A Device Authorization Flow is not supported by SMART on FHIR. Therefore it is not available in Firely Auth. For more information, see Duende Documentation - Device Authorization Endpoint.
Liveness and readiness
It can be useful to check whether Firely Auth is still up and running, and ready to handle requests. Either just for notification, or for automatic failover.

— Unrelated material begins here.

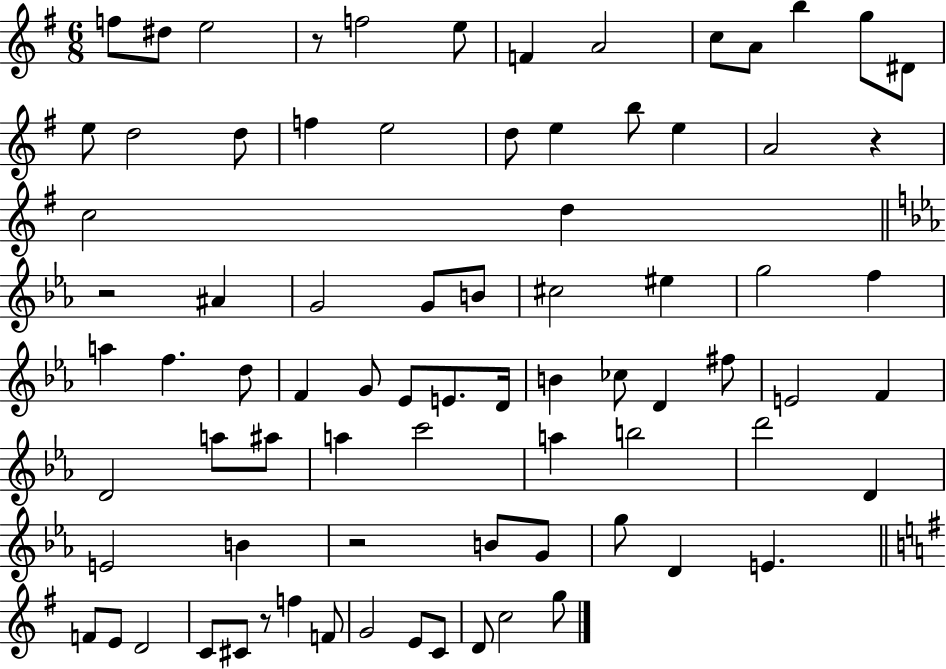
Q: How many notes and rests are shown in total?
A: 80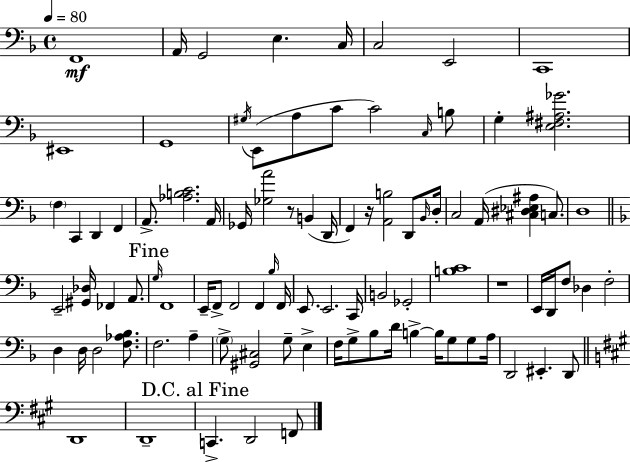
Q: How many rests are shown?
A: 3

A prominent use case is to start dependent services only after Firely Auth is up and running, e.g. in a docker-compose or in a Helm chart.

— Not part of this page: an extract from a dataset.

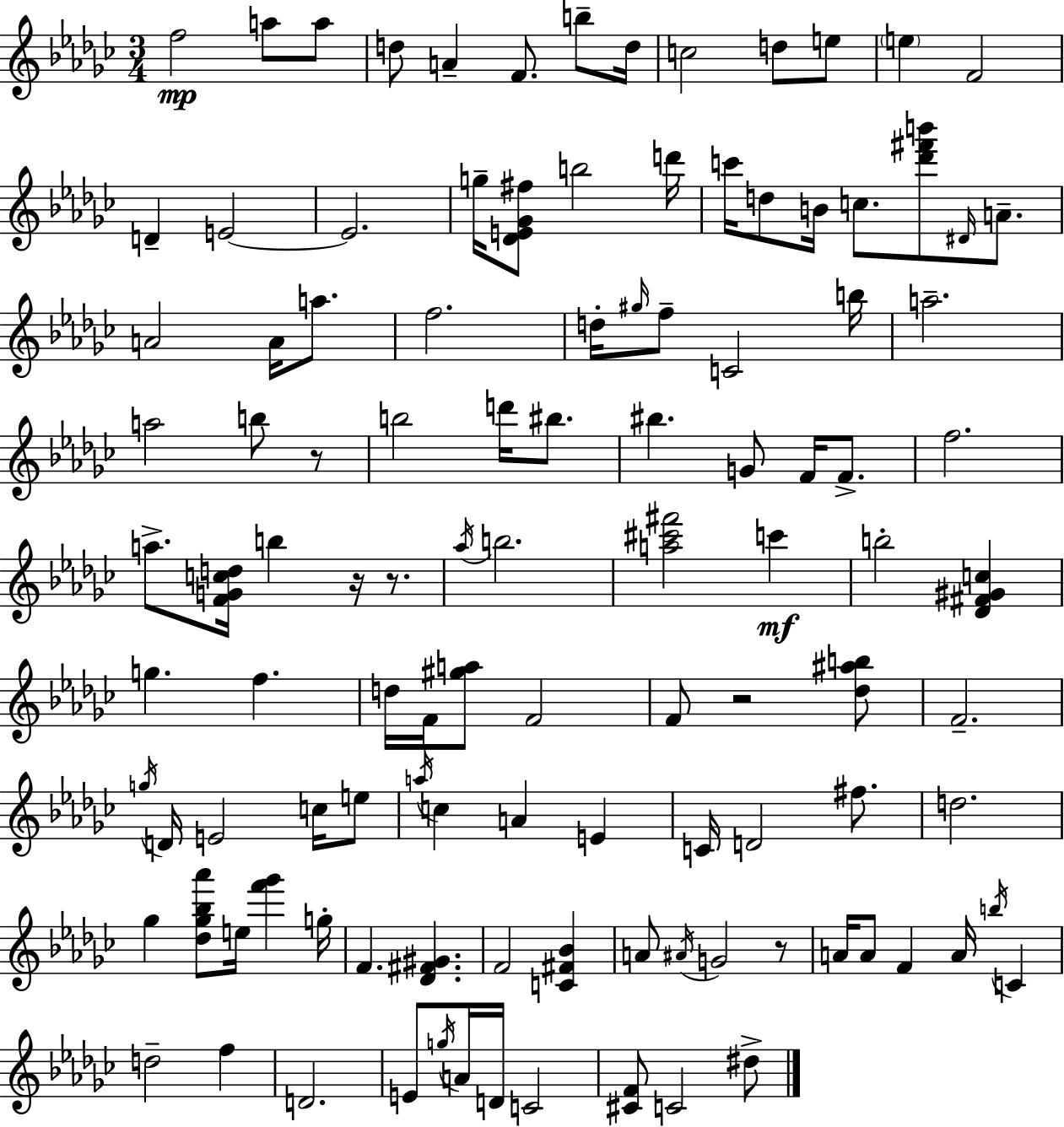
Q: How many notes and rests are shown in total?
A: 112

Firely Auth provides two endpoints, for different purposes:
GET <base>/$liveness
GET <base>/$readiness
These align - intentionally - with the use of liveness and readiness probes in Kubernetes, see Probes.
Results
The $liveness
operation may return one of these http status codes:
200 OK: Firely Auth is up and running.
402 Payment Required: The license is expired or otherwise invalid.
500 or higher: An unexpected error happened, the server is not running or not reachable (in the latter case the error originates from a component in front of Firely Auth).
The $readiness
operation may return one of these http status codes:
200 OK: Firely Auth is up and running and ready to process requests.
402 Payment Required: The license is expired or otherwise invalid.
500 or higher: An unexpected error happened, the server is not running or not reachable (in the latter case the error originates from a component in front of Firely Auth).
Security headers
Firely Auth provides a set of security headers in its responses to protect the application from common security vulnerabilities. These headers are set by default and cannot be configured. These are:
X-Content-Type-Options
: Prevents browsers from MIME-sniffing a response away from the declared content-type. Set tonosniff
.Content-Security-Policy
: Prevents a wide range of attacks, including Cross-Site Scripting and other cross-site injections. Set to:default-src 'self';
script-src 'self' 'unsafe-eval' 'unsafe-inline';
style-src 'self' 'unsafe-inline';
img-src 'self' blob: data:;
font-src 'self';
object-src 'none';
base-uri 'self';
form-action 'self';
frame-ancestors 'none';
upgrade-insecure-requests;
Note
The headers X-Frame-Options
, Referrer-Policy
, and Permissions-Policy
should be configured in the reverse proxy, as Firely Auth cannot set a generic value for these headers.